Munich. Ce 3 novembre 1835

  Monsieur le Comte,

  Après avoir longtemps hésité, je prends le parti de m’adresser directement à Votre Excellence. Je ne me dissimule pas ce que cette démarche peut avoir de hasardé. Mais je me trompe fort, ou c’est précisément cela qui servira à l’excuser à ses yeux. Votre Excellence comprendra aisément que pour m’y déterminer, il ne fallait pas moins qu’une absolue nécessité d’une part et de l’autre une confiance absolue dans l’équité bienveillante de son caractère. C’est cette équité que j’invoque maintenant comme le meilleur et le plus sûr intercesseur que je puisse avoir auprès d’elle.

  Je tâcherai d’être aussi concis que possible.

  Monsieur le Comte, j’ai à peine l’honneur d’être connu de vous, et c’est ma propre cause que j’ai à plaider. Deux circonstances bien décourageantes, si je devais la plaider devant tout autre que Votre Excellence.

  Dans l’entrevue que vous m’avez fait l’honneur de m’accorder, Monsieur le Comte, lors de votre dernier séjour à Carlsbad et dont je conserve un si reconnaissant souvenir Votre Excellence a daigné m’assurer1 qu’elle ne manquerait pas de songer à moi, à la première vacance qui viendrait à se présenter. Or, j’ai été informé, à la suite du retour du Prince Gagarine que Mr de Krüdener serait incessamment appelé à une nouvelle destination2. La place de 1er secrétaire de légation à Munich va donc devenir vacante. J’ose la demander à Votre Excellence.
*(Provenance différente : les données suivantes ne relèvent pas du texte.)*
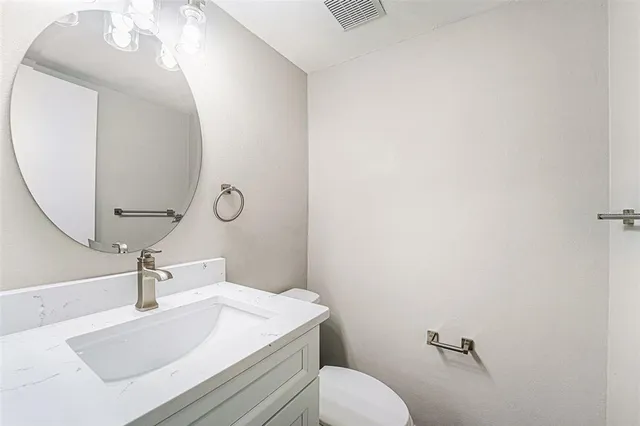 a bathroom with a sink a toilet and mirror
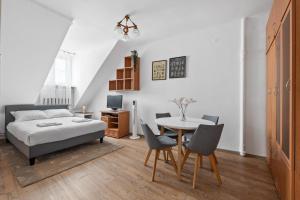 a bedroom with a bed and a table and chairs at Lublin Old Town Studio by BookingHost in Lublin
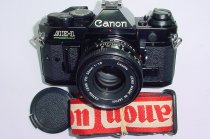 Canon AE-1 Program 35mm SLR Film Manual Camera + Canon 50/1.8 FD Lens in Black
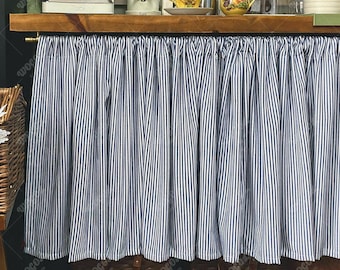May include: Blue and white striped kitchen valance. The valance is made of fabric and hangs below a wooden shelf. The stripes are vertical and evenly spaced. The valance is gathered at the top, creating soft folds.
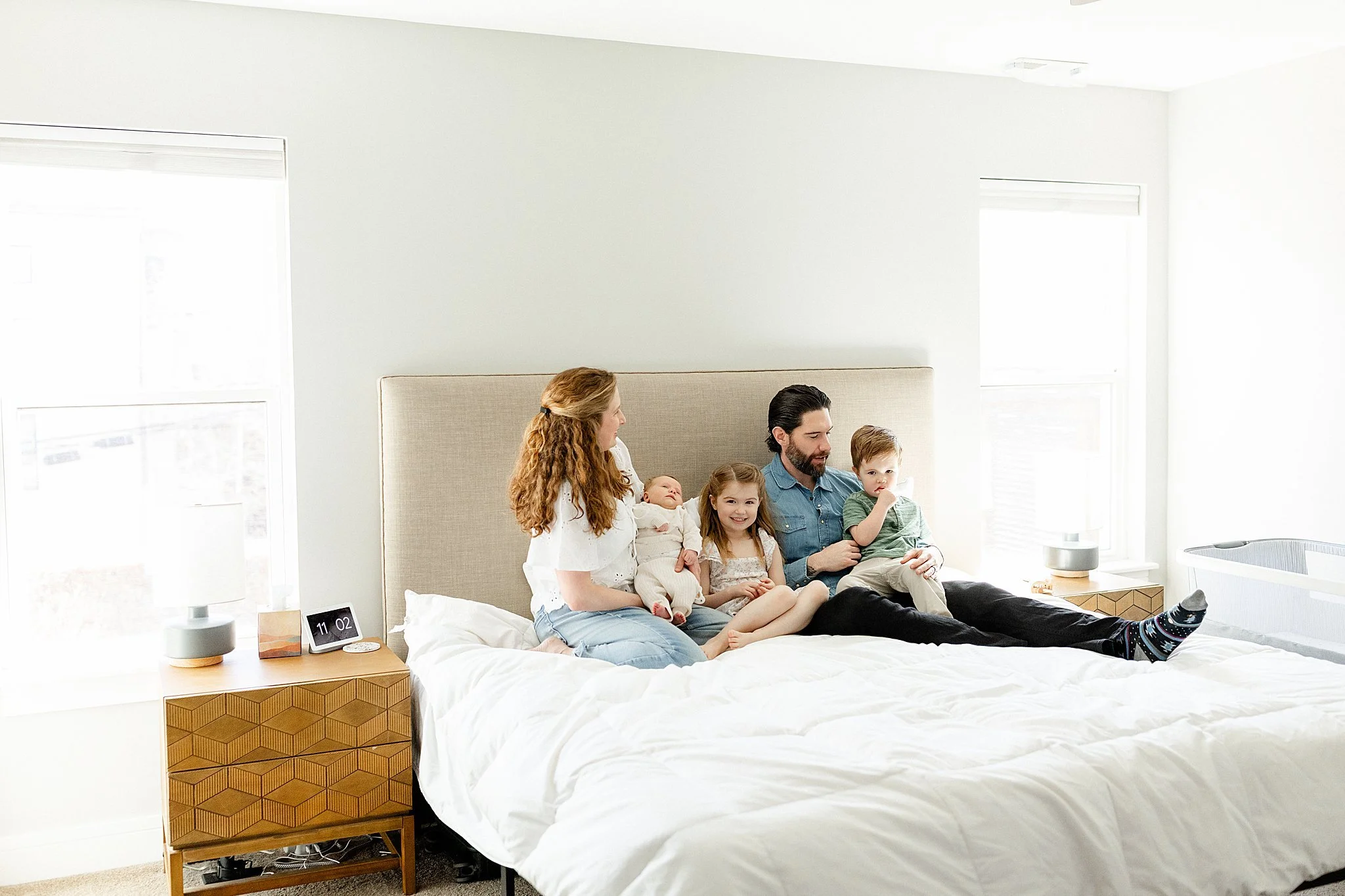 Family sitting on bed in a bright, modern bedroom with large windows, white walls, and minimal decor with lifestyle photographer Ally and B Photography.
  Voici à peu près ce que j’ai à dire en faveur de cette demande. Et d’abord, je me garderai bien de rappeler ici qu’il y a 13 ans que je sers à cette mission. Je sais que la durée du temps et la succession des années ne sauraient constituer un titre valable.

  Je ne me réclamerai pas même des témoignages favorables3 que l’obligeance des chefs de la mission, où je sers, a bien voulu, à plusieurs reprises, m’accorder auprès de Votre Excellence. Ces témoignages peuvent être l’expression d’une bienveillance toute personnelle.

  Mais il y a d’autres circonstances que j’invoquerai plus volontiers à l’appui de ma demande.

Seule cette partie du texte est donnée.